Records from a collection

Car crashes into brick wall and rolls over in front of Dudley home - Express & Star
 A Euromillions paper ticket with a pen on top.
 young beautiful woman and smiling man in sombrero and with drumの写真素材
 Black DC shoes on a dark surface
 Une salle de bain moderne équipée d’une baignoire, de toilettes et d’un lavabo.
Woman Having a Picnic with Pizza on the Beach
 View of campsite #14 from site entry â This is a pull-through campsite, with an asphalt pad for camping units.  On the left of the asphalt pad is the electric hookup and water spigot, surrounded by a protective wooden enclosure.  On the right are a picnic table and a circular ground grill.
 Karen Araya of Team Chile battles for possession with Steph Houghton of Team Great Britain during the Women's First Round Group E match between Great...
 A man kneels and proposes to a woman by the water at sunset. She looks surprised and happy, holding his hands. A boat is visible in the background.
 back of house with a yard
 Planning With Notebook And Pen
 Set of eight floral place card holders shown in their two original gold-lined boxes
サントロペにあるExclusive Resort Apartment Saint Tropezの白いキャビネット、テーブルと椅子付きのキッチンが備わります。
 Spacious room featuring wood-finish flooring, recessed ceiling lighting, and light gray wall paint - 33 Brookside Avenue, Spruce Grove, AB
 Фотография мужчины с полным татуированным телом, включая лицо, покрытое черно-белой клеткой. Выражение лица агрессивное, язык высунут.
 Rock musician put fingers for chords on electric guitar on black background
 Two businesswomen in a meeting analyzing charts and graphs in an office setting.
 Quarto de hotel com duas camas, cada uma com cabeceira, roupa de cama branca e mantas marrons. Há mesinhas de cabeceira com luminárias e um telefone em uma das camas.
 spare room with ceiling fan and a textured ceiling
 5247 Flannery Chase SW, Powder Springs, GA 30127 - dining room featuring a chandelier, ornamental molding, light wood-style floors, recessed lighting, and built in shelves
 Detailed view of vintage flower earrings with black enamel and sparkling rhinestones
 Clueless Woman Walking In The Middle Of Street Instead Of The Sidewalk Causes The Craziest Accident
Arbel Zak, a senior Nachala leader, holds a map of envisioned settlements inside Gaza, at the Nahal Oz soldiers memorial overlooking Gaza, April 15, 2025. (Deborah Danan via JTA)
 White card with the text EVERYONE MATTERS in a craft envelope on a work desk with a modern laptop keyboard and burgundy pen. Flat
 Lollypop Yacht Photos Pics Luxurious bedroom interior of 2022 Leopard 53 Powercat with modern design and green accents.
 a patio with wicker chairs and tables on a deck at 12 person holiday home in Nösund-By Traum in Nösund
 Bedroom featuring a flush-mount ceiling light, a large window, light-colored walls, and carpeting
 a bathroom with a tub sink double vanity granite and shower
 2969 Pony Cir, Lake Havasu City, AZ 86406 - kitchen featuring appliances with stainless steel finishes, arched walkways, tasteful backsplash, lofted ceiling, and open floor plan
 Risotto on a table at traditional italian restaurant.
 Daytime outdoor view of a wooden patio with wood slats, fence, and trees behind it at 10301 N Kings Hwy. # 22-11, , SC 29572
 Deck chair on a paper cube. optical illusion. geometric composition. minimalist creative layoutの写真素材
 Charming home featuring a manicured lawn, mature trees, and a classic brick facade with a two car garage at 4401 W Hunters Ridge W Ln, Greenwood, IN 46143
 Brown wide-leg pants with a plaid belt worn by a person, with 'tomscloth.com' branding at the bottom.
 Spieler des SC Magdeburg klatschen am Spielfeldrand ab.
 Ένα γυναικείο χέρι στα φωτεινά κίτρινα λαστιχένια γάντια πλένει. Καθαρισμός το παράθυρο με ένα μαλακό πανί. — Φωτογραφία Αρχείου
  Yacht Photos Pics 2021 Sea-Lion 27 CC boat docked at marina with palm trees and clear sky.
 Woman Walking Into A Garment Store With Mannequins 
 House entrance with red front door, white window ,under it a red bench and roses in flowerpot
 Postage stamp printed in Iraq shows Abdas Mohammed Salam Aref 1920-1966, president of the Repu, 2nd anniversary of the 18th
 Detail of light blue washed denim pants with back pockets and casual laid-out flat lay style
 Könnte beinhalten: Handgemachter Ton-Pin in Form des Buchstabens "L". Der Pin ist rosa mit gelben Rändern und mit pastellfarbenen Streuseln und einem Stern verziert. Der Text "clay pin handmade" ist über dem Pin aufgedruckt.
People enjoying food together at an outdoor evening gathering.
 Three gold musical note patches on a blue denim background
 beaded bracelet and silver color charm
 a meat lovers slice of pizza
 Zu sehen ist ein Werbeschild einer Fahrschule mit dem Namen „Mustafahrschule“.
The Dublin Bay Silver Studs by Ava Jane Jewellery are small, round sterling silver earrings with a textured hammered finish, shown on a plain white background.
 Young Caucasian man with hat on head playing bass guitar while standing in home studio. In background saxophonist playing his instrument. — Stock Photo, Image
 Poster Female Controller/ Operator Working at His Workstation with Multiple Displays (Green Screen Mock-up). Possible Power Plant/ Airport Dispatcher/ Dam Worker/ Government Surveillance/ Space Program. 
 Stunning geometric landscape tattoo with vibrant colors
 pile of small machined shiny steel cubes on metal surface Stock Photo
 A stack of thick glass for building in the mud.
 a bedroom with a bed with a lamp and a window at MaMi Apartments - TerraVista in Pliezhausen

■ WHAT THIS TASK INVOLVES
Which lines of the data contain the word "boat"? Copy each one.

■ SOLUTION TO THIS PROBLEM
 A man kneels and proposes to a woman by the water at sunset. She looks surprised and happy, holding his hands. A boat is visible in the background.
  Yacht Photos Pics 2021 Sea-Lion 27 CC boat docked at marina with palm trees and clear sky.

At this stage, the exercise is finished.